The Green Bay Packers have made it very clear that finding a solid rushing attack is priority No. 1 this summer. Even quarterback Aaron Rodgers, who believed a year ago that Green Bay’s top-notch passing game could get the job done by itself, has admitted that the team needs to find a running game behind him in order to maintain balance. With several embarrassing rushing statistics under the Packers’ belt, which running back will step up to end the skids?
Green Bay has not had a running back rush for at least 100 yards in a single game since Brandon Jackson accomplished the feat on October 10, 2010. For those of you keeping track at home that is a whopping 43 games without a single player making the mark that has become the standard for decent rushers.
If that was not enough, the Packers have also not had a running back rush for over 1,000 yards in a single season since Ryan Grant did back in 2009. The six-year player ran for 1,253 yards that season after he rushed for 1,203 yards in 2008.

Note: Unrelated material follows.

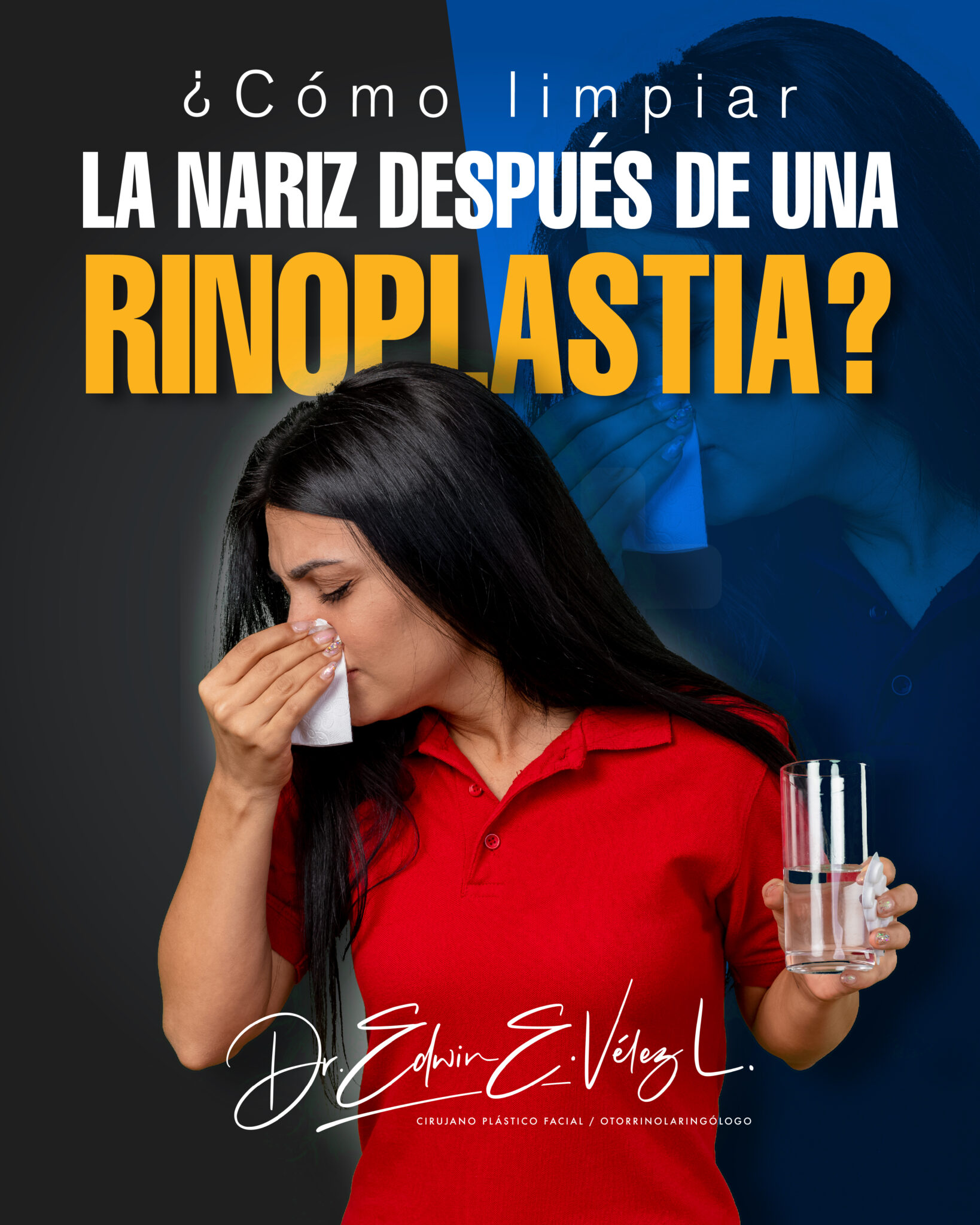 ¿Cómo limpiar la nariz después de una rinoplastia? Doctor Edwin Vélez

Alex Green was the Packers’ top rusher last season when he ran for a measly 464 yards on 135 carries. In 2011, James Starks was the top man in the backfield when he compiled 578 yards on the ground on 133 carries. Grant was right behind him with 559 yards on 134 carries. At least that season, the Packers had two players combine for over 1,000 yards.
Green Bay must look no further than the 2010 postseason, the year they won Super Bowl XLV, to see what a good rushing attack can do for them. James Starks exploded with 315 yards on 81 carries in four games, including setting a Packers rookie record by running for 123 yards against the Philadelphia Eagles. Even though the running game slowed down, the balance was enough to give Rodgers that extra edge to shred opponents.

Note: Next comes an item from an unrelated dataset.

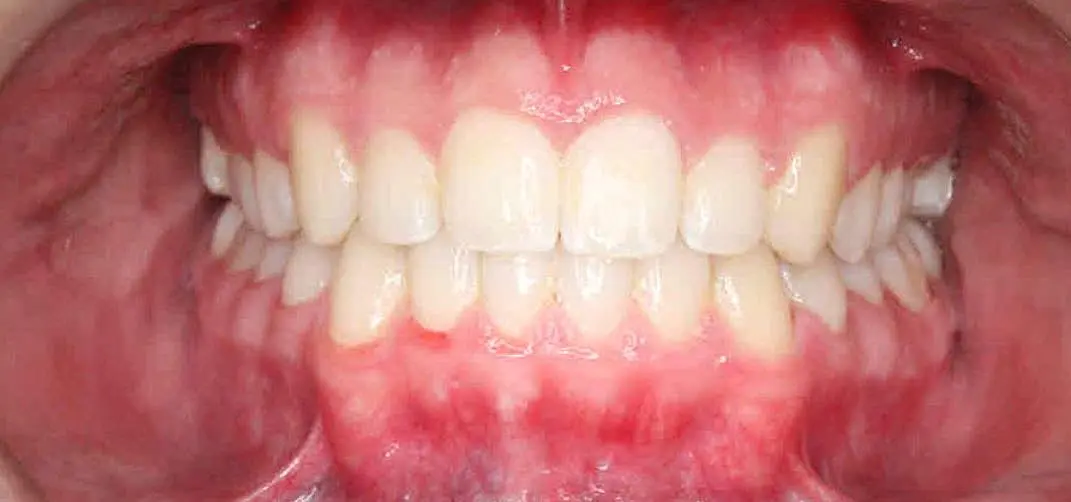 Close-up of a person's teeth from NK Orthodontics at Suwanee, GA, showcasing both upper and lower dental arches - after completing the invisalign treatment.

Green Bay will be fielding a two-headed monster that is rookies Eddie Lacy and Jonathan Franklin. Yes, the Packers are counting on Green and Starks to be effective, but Lacy and Franklin are the future. These two players have an opportunity to give the offense an incredible edge. Give Rodgers a dominant running game while he is in his prime and he will reward the organization with multiple Super Bowls.
It is hard to say exactly who will accomplish the feat of breaking 100 yards in a game and 1,000 yards on the season, especially when the offensive line has a lot to do with it. With that being said, I guarantee both skids will end before the 2013 regular season is over.
The offensive linemen know it is on them to help make the team better, and the good news is they are determined to improve drastically. Meanwhile, the intense competition among the running backs in training camp will spill over into the regular season.